Websites Can Discriminate Against You Even If You Don’t Use Them, California Supreme Court Rules

Nearly four years ago, a lone bankruptcy lawyer sued Square, the payment processor run by Twitter CEO Jack Dorsey, challenging the app’s terms of use — despite never signing up. As of yesterday, the case will proceed, thanks to an opinion issued by the California Supreme Court that could have wide-reaching implications for online businesses. Gizmodo reports: The first thing you need to know is that, for whatever reason, Square’s Prohibited Goods and Services policies include “bankruptcy attorneys or collection agencies,” which you’ll recall is plaintiff Robert White’s line of work. California, where this case was tried and where a plurality of online services are headquartered, is also home to a state law — the Unruh Civil Rights Act — which provides broad protections against discrimination of many kinds, including occupation. But the question remained as to whether White needed to have entered into an agreement with Square (by agreeing to the terms of service) in order to have experienced said discrimination barring his “full and equal access” to the service.

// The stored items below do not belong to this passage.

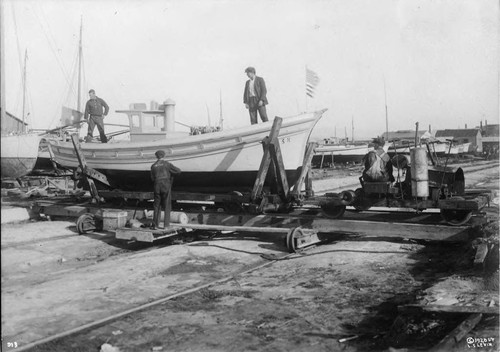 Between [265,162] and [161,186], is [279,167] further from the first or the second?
[161,186]

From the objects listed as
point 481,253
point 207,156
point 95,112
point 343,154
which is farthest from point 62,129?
point 343,154

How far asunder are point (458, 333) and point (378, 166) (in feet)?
16.6

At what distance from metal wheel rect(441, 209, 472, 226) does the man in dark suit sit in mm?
4260

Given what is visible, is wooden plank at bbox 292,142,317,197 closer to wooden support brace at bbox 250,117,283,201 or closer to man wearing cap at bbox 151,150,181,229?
wooden support brace at bbox 250,117,283,201

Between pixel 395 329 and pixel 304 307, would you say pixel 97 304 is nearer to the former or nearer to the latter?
pixel 304 307

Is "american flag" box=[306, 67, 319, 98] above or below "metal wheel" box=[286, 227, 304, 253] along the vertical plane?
above

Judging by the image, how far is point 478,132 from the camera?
6831 centimetres

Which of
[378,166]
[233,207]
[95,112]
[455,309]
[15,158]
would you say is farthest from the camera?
[95,112]

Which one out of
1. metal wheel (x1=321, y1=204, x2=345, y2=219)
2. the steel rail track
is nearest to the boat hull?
the steel rail track

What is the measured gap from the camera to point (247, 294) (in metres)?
6.14

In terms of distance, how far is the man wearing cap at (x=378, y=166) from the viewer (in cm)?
883

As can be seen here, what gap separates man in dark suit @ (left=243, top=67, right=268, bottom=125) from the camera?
10688mm

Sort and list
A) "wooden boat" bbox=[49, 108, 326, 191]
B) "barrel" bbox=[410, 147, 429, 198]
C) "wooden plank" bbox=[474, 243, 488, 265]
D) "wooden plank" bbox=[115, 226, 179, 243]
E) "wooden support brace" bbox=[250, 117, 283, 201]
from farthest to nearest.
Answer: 1. "wooden boat" bbox=[49, 108, 326, 191]
2. "wooden support brace" bbox=[250, 117, 283, 201]
3. "wooden plank" bbox=[115, 226, 179, 243]
4. "barrel" bbox=[410, 147, 429, 198]
5. "wooden plank" bbox=[474, 243, 488, 265]

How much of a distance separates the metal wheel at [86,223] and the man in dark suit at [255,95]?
440 cm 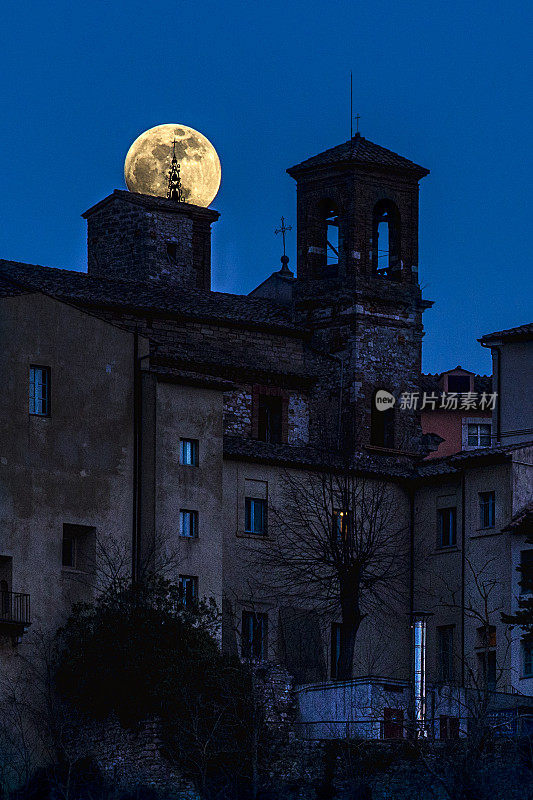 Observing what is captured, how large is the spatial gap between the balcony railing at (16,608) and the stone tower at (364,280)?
16.2m

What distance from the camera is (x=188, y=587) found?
60.4 meters

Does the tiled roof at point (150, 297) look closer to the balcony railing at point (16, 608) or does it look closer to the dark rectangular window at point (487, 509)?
the dark rectangular window at point (487, 509)

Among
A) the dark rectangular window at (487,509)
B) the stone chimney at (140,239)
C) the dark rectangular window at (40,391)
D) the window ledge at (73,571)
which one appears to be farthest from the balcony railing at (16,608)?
the stone chimney at (140,239)

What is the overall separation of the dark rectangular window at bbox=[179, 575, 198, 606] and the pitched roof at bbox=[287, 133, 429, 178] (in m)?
17.7

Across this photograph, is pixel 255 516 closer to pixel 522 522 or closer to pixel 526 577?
pixel 522 522

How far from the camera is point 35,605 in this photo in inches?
2265

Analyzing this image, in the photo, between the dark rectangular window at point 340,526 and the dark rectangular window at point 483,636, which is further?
the dark rectangular window at point 340,526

For the time being at least: no.

“In general, a person suffers discrimination under the Act when the person presents himself or herself to a business with an intent to use its services but encounters an exclusionary policy or practice that prevents him or her from using those services,” Justice Goodwin Liu wrote in court’s unanimous opinion. “We conclude that this rule applies to online businesses and that visiting a website with intent to use its services is, for purposes of standing, equivalent to presenting oneself for services at a brick-and-mortar store.” The Supreme Court noted that the merits of White’s case — beyond his having standing — were outside its purview, and that “mere awareness of a business’s discriminatory policy or practice is not enough for standing under the Act,” but that “entering into an agreement with the business is not required.”